[SOLVED] a function to check logins! doesn't return false!

[samoi]

Hello guys

 

I have this function

function phonebook($u, $p)
{
    $query = "SELECT * FROM eid WHERE phone = '" . $p . "' OR user = '" .
        $u . "'";
$result = mysql_query($query) or die(mysql_error("Error result"));
    $row = mysql_fetch_row($result) or die(mysql_error("Error row"));
    return $row;
}

 

and this if statement

 

if (isset($_POST['book'])) {

    $user = $_POST['user'];
    $phone = $_POST['phone'];
phonebook($user, $phone);
    if (phonebook($user, $phone)) {
        $_SESSION["user"] = phonebook($user, $phone);

        echo "The contact id is " . $_SESSION["record"][0] . " And the number is " . $_SESSION["record"][1];
    } else {
        echo 'No record'; // To tell the user there was no record
    }


}
else {
// Get the user out to search.php page again
}

 

Please help me with debug the problem!

 

Thank you all!

 

 

 

Please note, I am doing this to learn only! no purpose behind all of this! I wanted to do some functions and learn with it.

[Garethp]

You don't use die("Error") to return 1; (I'm pretty sure, but it might be return 0;)

[samoi]

You don't use die("Error") to return 1; (I'm pretty sure, but it might be return 0;)

 

wow !

 

thank you for the speed reply!

But as I stated above, that I want to learn doing the functions!

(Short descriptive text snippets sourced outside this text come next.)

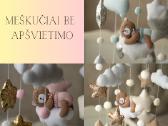 Rankų darbo Kūdikio Lovytės karuselė - nuotraukos Nr. 2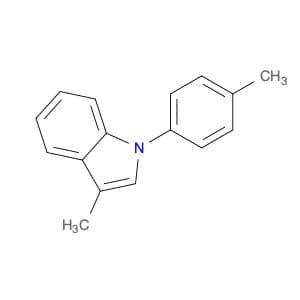 3-methyl-1-(4-methylphenyl)-1H-indole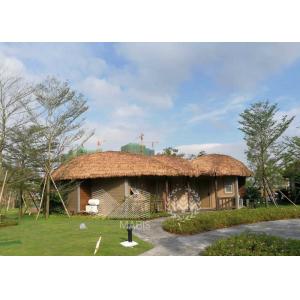 China Wooden Modern Prefab Cabins , Light Steel Structure Prefab Guest House on sale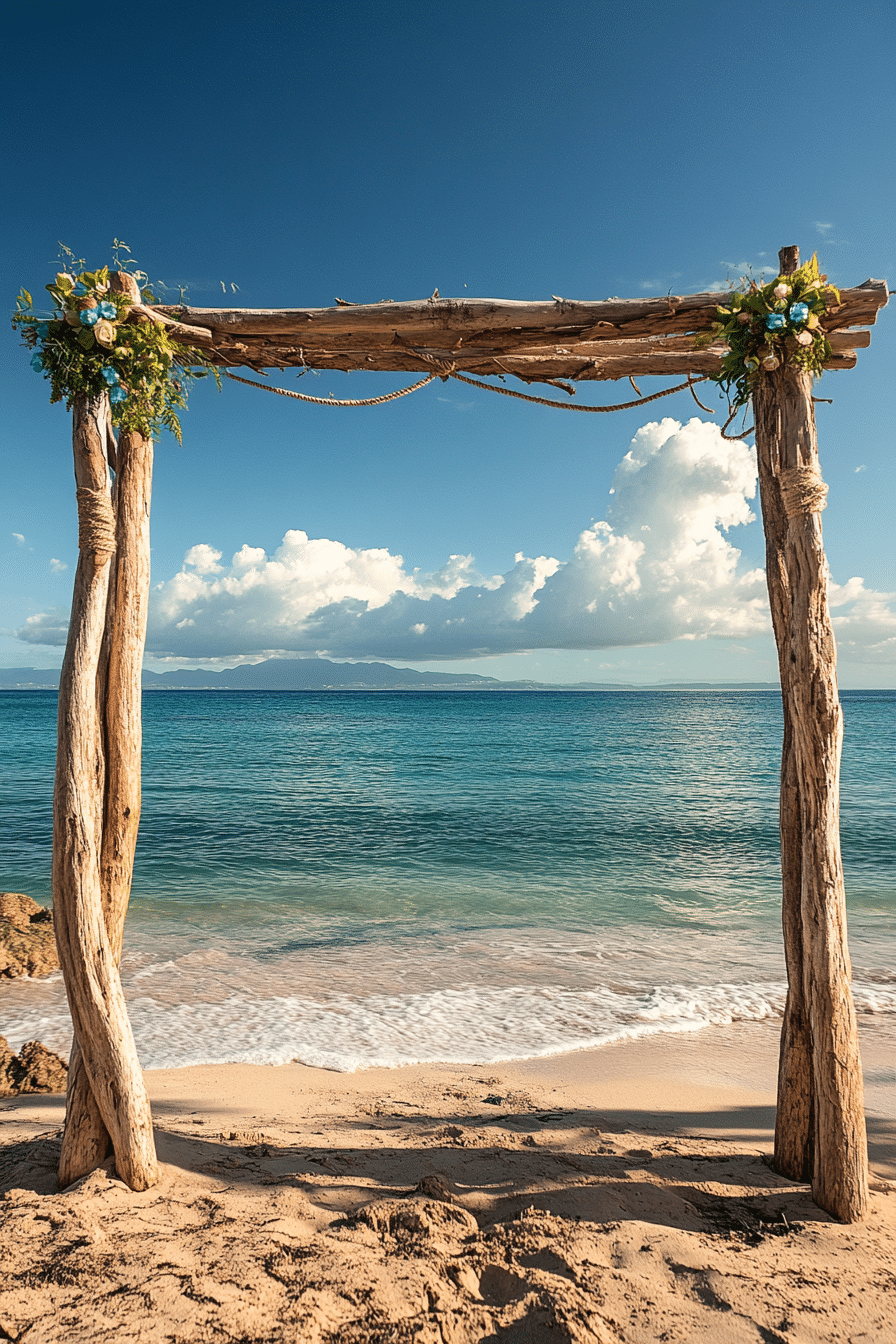 boho wedding arch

I did not understand what you meant!

also I noticed return with 1 and 0 values in many scripts! what does that mean?

 

Thank you and sorry for being asking too much!

[Garethp]

Ok, return will stop the function as soon as it's executed, and whatever is in the return (like, return $var or return "This") gets passed outside. I'll show you an example

 

function Test()
{
$Var = "Hello World";
return $Var;
}

echo Test();

 

That would echo "Hello World" Or you could do this

 

function Test()
{
return "Hello World";
}

$Var = Test();
echo $Var;

 

That would also echo Hello World.

 

Now, if you were to use return 1, that wouldn't return a string, but you could use an if function. I'll show you

 

function Test()
{
$Var = "On";
if($Var == "On")
	{
	return 1;
	}
else
	{
	return 0;
	}
}

if(Test())
{
echo "Function is Working";
}
else
{
echo "Error";
}

 

Try it, it should work. 1 is for success, 0 is for error